Week 2 | Notion

What is Data Lake?

Data lake is a repo that holds Big Data from different resources and can be used for a variety of objectives by data engineers, data scientists, data analysts, etc. There are two main concerns that must be considered when building a Data Lake: Security and Scalability.

Data Lake vs Data Warehouse

Extracted from: https://www.qubole.com/data-lakes-vs-data-warehouses-the-co-existence-argument/

  Extracted from: [<https://www.qubole.com/data-lakes-vs-data-warehouses-the-co-existence-argument/>](<https://www.qubole.com/data-lakes-vs-data-warehouses-the-co-existence-argument/>)

ETL vs ELT

ETL stands for Extraction, Transform and Load, whereas ELT stands for Extract Load and Transform. The last one is the framework used in data lakes, in which we have a need to store data as quickly as possible, without worrying about transformation at first. The first one is more used by data warehouses, in which we have smaller amount of data (when we say small, we mean in order of terabytes. In Data Lake, the order is of petabytes). Not so small, though, right? ;)

One last thing concerning this topic is that in Data Lakes, the schema is obtained during data reading! (Schema defines the fields and data types contained in a data source)
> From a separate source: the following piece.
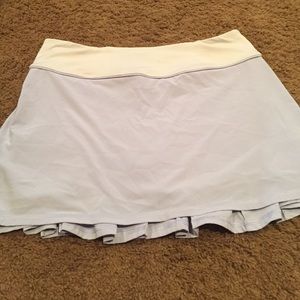 Lulu Lemon tennis skirt. Size 6. Perfect condition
When Data lakes becomes a nightmare?

Data swamp (it happens when there is no data quality or data governance)
There is no versioning
Incompatible schemas for the same data (parquet, delta, csv. etc)
There is no metadata associated
Joins are not possible

Cloud providers for data lake

GCP - cloud storage
AWS - S3
Azure - Blob

Introduction to Workflow orchestration

In week 1, we wrote a ingest file, in which we download a parquet file and then ingest the data into PostgreSQL. However, this is not best practice. Since we have two main steps (download and ingestion), we should split the process into two different scripts and establish an order of execution, so that, after downloading the data, we trigger the ingestion script.

In real scenarios, we may have many steps to be executed and it is recommended to orchestrate a data workflow, so that we minimize the chance of forgetting a step and it also allows us having a big view of what we need to do.